Por Luís Gil, Membro Conselheiro e Especialista em Energia da Ordem dos Engenheiros

O generalizado e rápido aumento da adoção de tecnologias de baixo carbono necessárias à transição energética, que geralmente são mais material-intensivas, não será possível sem um crescimento do fornecimento de materiais críticos a um ritmo sem precedentes. Dados recentes das Nações Unidas referem um aumento da extração mineira de 400% em relação a 1970 e prevê-se que em relação à atualidade aumentem em 60% em 2060 de acordo com o The Guardian. Noutra avaliação, para se conseguirem emissões zero em 2050 a Agência Internacional de Energia estima que já em 2040 serão necessários seis vezes mais minerais do que atualmente. Portanto, as estimativas são muito díspares, mas convergem num ponto: um assinalável aumento da sua procura.

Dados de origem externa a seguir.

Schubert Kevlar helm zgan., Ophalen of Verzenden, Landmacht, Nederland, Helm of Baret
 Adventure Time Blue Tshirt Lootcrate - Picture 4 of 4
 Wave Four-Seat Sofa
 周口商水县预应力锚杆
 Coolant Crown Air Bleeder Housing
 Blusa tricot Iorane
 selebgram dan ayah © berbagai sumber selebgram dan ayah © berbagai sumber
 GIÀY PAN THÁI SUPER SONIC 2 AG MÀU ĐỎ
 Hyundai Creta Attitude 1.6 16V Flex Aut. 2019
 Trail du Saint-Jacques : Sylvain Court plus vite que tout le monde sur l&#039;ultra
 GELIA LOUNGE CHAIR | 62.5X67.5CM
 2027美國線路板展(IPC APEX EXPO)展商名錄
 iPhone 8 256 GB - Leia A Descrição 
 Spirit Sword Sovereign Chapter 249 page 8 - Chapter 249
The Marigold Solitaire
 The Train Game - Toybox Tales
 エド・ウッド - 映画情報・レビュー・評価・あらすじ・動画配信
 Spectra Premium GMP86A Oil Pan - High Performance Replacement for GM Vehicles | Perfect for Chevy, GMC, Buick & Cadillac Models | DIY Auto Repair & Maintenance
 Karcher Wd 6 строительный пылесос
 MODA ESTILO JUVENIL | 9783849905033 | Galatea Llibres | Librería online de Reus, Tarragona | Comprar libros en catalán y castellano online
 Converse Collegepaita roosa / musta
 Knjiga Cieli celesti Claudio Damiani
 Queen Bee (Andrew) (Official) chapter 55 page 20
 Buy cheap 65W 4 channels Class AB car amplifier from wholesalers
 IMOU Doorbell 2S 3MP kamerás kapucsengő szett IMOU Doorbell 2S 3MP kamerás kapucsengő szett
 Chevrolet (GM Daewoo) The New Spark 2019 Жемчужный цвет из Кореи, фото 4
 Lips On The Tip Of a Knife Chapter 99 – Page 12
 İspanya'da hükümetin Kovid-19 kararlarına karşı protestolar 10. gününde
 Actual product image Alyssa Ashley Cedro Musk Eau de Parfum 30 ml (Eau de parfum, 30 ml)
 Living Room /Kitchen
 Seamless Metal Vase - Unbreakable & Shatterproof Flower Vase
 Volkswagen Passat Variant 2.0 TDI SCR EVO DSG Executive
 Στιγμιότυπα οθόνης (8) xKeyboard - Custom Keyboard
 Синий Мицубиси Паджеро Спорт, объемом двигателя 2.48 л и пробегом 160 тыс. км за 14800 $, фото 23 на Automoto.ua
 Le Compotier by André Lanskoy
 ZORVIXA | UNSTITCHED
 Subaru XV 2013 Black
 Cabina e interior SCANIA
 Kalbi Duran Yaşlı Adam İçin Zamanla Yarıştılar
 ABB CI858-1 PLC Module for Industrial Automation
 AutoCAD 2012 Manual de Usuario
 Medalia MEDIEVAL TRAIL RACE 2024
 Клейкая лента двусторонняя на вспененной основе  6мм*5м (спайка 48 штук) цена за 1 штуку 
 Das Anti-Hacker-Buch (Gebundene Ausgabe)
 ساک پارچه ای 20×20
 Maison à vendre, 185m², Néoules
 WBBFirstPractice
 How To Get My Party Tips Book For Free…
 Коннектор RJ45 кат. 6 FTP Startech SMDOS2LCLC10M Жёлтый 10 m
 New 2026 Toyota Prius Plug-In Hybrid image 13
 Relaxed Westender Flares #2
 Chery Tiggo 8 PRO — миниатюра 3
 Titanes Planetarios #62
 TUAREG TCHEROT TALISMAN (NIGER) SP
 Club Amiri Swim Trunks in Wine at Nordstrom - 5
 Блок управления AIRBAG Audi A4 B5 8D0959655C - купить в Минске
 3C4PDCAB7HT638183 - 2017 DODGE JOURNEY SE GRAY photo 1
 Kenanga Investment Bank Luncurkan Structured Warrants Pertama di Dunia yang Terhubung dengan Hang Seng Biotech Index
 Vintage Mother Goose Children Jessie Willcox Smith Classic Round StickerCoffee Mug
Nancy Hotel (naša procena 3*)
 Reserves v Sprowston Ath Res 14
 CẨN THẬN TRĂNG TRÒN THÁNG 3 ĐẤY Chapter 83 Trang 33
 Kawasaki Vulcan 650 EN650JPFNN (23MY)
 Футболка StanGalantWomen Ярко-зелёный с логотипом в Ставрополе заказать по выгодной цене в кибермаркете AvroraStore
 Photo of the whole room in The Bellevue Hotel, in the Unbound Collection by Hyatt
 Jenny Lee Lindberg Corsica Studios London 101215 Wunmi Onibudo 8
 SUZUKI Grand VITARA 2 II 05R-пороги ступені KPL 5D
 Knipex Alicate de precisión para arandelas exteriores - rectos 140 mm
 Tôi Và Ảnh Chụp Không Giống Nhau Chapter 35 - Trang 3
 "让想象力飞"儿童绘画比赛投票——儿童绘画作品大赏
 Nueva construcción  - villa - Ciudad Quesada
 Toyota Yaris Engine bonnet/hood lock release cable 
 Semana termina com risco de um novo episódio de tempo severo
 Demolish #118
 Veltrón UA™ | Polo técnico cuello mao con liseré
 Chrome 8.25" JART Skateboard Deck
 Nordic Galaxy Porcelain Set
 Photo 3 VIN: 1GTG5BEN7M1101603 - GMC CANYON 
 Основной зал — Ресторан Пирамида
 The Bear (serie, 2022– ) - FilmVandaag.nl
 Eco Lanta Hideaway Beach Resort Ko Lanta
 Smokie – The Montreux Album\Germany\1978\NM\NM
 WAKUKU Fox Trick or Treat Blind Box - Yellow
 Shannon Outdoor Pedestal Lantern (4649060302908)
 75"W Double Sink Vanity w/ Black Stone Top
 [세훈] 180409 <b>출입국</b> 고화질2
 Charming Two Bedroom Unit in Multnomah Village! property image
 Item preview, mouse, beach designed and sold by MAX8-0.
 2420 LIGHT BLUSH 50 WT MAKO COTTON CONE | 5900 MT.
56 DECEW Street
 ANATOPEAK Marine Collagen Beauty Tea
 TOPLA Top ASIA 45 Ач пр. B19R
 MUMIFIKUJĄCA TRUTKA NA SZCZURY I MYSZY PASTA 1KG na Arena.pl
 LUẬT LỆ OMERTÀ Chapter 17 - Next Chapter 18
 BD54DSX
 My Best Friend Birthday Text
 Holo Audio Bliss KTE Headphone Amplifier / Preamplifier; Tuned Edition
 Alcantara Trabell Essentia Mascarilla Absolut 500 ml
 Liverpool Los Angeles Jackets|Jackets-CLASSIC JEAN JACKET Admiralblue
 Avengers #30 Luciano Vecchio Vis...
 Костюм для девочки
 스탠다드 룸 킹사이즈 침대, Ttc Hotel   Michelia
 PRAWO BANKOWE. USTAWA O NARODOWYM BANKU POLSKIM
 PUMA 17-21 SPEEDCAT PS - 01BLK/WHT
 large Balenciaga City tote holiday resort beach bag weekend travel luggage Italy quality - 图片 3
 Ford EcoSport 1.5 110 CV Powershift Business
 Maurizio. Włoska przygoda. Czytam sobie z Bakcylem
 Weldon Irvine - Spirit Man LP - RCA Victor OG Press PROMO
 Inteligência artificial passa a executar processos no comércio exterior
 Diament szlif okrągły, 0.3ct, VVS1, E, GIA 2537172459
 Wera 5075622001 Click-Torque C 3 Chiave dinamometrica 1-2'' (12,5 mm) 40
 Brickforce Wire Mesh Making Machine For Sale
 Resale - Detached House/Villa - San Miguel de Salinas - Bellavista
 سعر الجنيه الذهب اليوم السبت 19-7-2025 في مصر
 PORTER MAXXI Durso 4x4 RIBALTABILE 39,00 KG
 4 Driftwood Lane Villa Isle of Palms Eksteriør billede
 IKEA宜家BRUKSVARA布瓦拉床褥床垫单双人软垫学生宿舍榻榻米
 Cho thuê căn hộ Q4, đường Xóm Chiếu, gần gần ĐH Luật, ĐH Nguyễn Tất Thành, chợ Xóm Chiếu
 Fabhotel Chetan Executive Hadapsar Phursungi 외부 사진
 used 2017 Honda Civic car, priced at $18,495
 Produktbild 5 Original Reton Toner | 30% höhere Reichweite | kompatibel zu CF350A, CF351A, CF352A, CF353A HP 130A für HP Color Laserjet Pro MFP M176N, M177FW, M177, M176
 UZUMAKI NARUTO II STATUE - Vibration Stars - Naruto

Esta escalada na procura entra em contraste com o tempo necessário para se expandirem as cadeias de abastecimento. As fases de permissões, exploração e desenvolvimento de ativos estendem-se normalmente durante uma ou duas décadas antes de se iniciar a produção. A que acresce a obtenção do montante financeiro necessário para tal.

As próprias alterações climáticas podem apresentar ameaças à disponibilidade de certas mercadorias essenciais. Os eventos climáticos extremos, cada vez mais frequentes, tornam mais difíceis processos extrativos e o transporte dos materiais derivados, podendo conduzir a processos de disrupção. Num estudo recente feito pela PWC, foi efetuada uma análise em relação a 3 metais vitais (ferro, zinco e alumínio) e a 3 minerais críticos (cobalto, cobre e lítio) tendo em atenção cenários de seca ou de excesso da calor. Rapidamente se verifica que existe uma elevada concentração geográfica da extração destes minerais. A título de exemplo, é referido que mais de metade do cobalto provém de apenas 5 minas da República Democrática do Congo. O que acarreta um elevadíssimo risco de disrupção. Para obviar estes e outros riscos foram definidos três passos para as adaptações às alterações climáticas. Passos esses que se baseiam na identificação e gestão desses riscos, na escolha de oportunidades de adaptação e na junção de esforços dos stakeholders e governos na definição de políticas adequadas.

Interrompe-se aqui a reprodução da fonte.